New populations of the endangered short-tailed grasswren, a Gawler Ranges subspecies, were found in the Gawler Ranges during a recent survey of the area.
To monitor how the species is tracking, staff from Natural Resources SA Arid Lands, volunteers and local community members spent a week surveying known habitat sites as well as new sites in the Gawler Ranges National Park and surrounding stations of Thurlga, Yardea, Mount Ive and Kolendo, as well as Nature Foundation’s Hiltaba Nature Reserve.
Figures from the 2017 survey were compared with results from a Department of Environment, Water and Natural Resources survey in 2005 conducted by Graham Carpenter, who returned to assist with the 2017 survey.
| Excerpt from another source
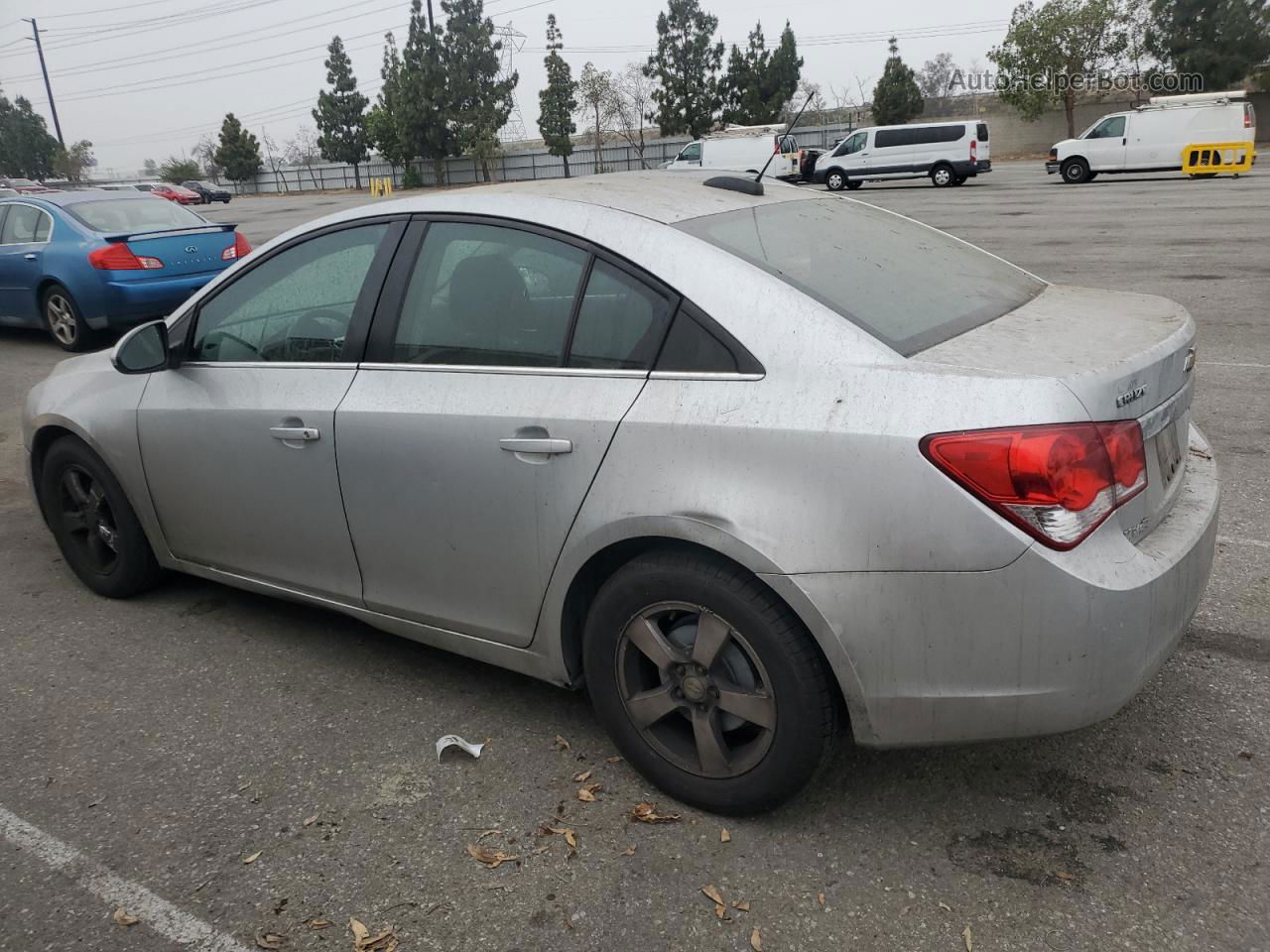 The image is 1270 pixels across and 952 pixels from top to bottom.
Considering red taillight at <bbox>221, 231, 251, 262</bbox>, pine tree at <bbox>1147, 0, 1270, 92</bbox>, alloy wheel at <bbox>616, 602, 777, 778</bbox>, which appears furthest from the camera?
pine tree at <bbox>1147, 0, 1270, 92</bbox>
Grasswrens are elusive and restricted to rocky hilltops dominated by spinifex grassland.
They forage mostly on the ground and fire and grazing are the most immediate threats to the species, which has an estimated total population of about 900 mature individuals.
In the original survey of 51 sites in 2005, 19 were detected as having populations of short-tailed grasswrens but due to a fire in 2011, many of the original 19 sites showed no evidence of grasswrens in the recent survey.
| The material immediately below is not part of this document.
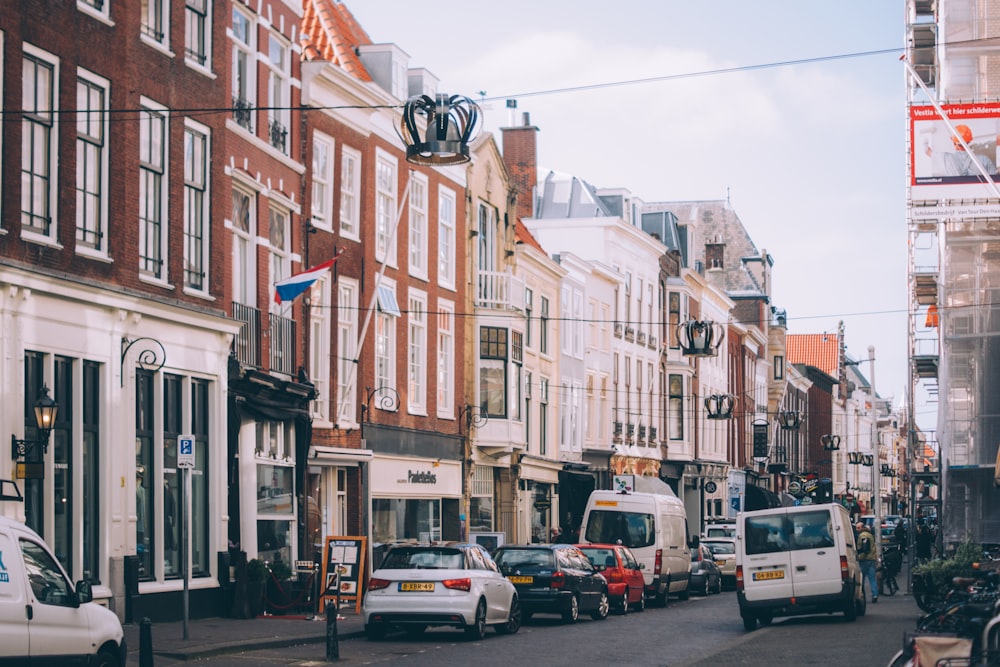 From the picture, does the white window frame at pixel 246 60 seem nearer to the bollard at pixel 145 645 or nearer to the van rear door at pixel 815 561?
the van rear door at pixel 815 561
Community ecologist Catherine Lynch said while it was disappointing it appeared some of the populations were no longer present at previously identified sites, the results from the survey were still positive.
“Of the 57 sites surveyed, we did detect grasswrens at 20 of those sites with a number of new sites located,” Ms Lynch said.
“It was pleasing as there were real concerns about whether the grasswrens were still present in the area following the fire.”
From this survey, funded by the SA Arid Lands Natural Resource Management board and the National Landcare Program, Ms Lynch said a greater understanding had been gained about the habitat requirements of short-tailed grasswrens and the differences between where they were and were not, with particular fire and grazing regimes a factor.
It was also valuable to see how fox baiting undertaken in the national park as part of the Bounceback program has benefited the short-tailed grasswren.
The short-tailed grasswren (Gawler Ranges) is one of only two subspecies of short-tailed grasswrens with the other subspecies found in the Flinders Ranges.